La imagen de unidad que ha destilado el Congreso, el más cohesionado en las últimas décadas del partido, desbarata el primero de esos clichés.

Feijóo ha querido subrayar la fidelidad al proyecto de sus antecesores rodéandose de Mariano Rajoy y José María Aznar, cuidándose al mismo tiempo de resaltar que la única autoridad incontestable en el partido actualmente es la suya.

Las dotes de Feijóo como líder aglutinador han vuelto a quedar patentes en la combinación de los perfiles designados para esta nueva etapa del PP.

A la vez que ha dado cabida en su nueva ejecutiva a figuras con un temperamento más combativo como Cayetana Álvarez de Toledo, Esther Muñoz o el propio Miguel Tellado, es también una garantía que haya reafirmado en la dirección a colaboradores del ala más moderada como Cuca Gamarra, Elías Bendodo o Borja Sémper.

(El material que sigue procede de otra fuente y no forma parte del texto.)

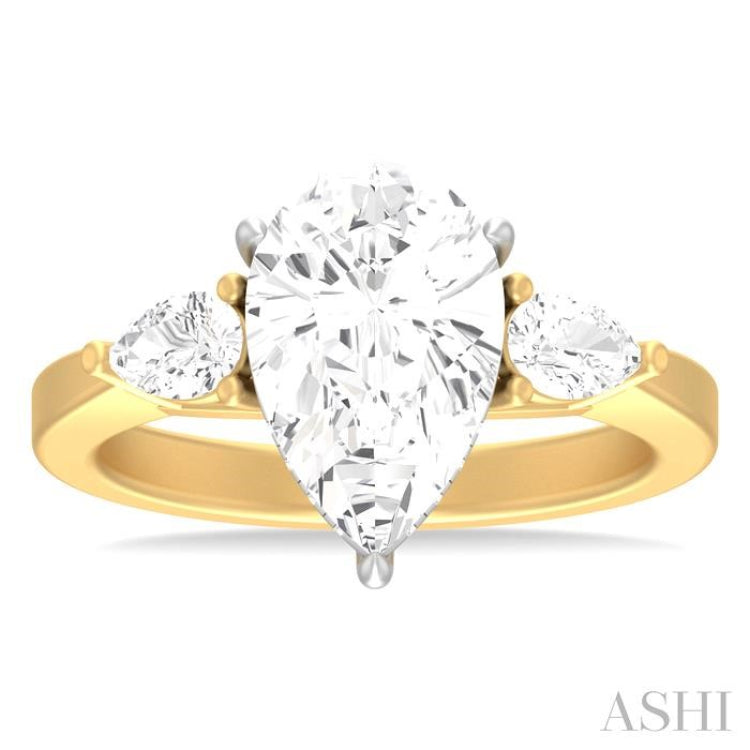 1/2 ctw Tri-Mount Centerpiece Pear and Round Cut Diamond Semi Mount Engagement Ring in 14K Yellow and White Gold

Y es igualmente testimonial de este espíritu de integración la imagen de Juanma Moreno e Isabel Díaz Ayuso sentados juntos en el auditorio.

Esta capacidad para vertebrar las distintas sensibilidades ideológicas alrededor del centro político es la que Feijóo se ha propuesto trasladar de su partido al conjunto de los españoles.

Es decir, la agenda que había prescrito Aznar en su intervención del sábado, cuando pidió "concentrar en nuestras siglas la confianza de una mayoría ancha, a derecha e izquierda".

El problema es que, para llegar hasta esa "casa común de la democracia cristiana, del liberalismo y del conservadurismo" no basta con asegurar, como ha hecho Feijóo, que "yo quiero un Gobierno en solitario".

La meta de los "diez millones de votos" que se ha marcado el presidente popular sólo es viable por el carril de la centralidad. Y esta únicamente resultará creíble si el PP asume un compromiso explícito de que nunca formará parte de un Gobierno en el que esté Santiago Abascal.

Es comprensible que Feijóo se haya negado a imponerle un cordón sanitario, al igual que tampoco tendría sentido vetar a un PSOE postsanchista. No hay problema en que el PP acuerde leyes con Vox, de la misma forma que puede, como ha propuesto Feijóo, explorar "alianzas con todos los grupos parlamentarios en las Cortes".

Pero lo que nunca debería aceptar es gobernar con Vox.

Feijóo sabe que las principales ventajas comparativas que puede explotar respecto a Pedro Sánchez son la credibilidad de su palabra y la autonomía de los extremismos.

Es decir, mostrarse convincentemente, frente a Sánchez, como "un presidente libre para poder decir siempre la verdad, y libre para cumplir nuestro programa".

Y sabe por ello que la única forma de dar verosimilitud a sus compromisos, en un contexto de devaluación de las promesas de los políticos, es imponerse una serie de obligaciones a las que atar su futuro político.

Por eso, no se entiende, que junto al resto de promesas que ha lanzado (como la de asegurar que se irá si, cuando gobierne, pierde la mayoría parlamentaria o no logra aprobar los Presupuestos) no haya incluido un compromiso explícito y tranquilizador de que no pactará un Gobierno con la ultraderecha.

Feijóo ha aseverado que no es como Sánchez "ni lo quiero ser". Y le ha pedido a los suyos que no le dejen serlo, rogándoles que "si algún día hago lo que él, echadme".

Pero marcar distancias con Sánchez no supone sólo asumir un loable programa de regeneración institucional y un decálogo de valores éticos. Conlleva también negarse de plano a emular su política de alianzas.

Si, como Ulises, Feijóo pidió a los suyos que lo atasen al mástil de la decencia para resistirse a los cantos de sirena del abuso del poder, debió igualmente obligarse en público a nunca formar un Gobierno de coalición con la ultraderecha equivalente al que Sánchez alumbró con la extrema izquierda.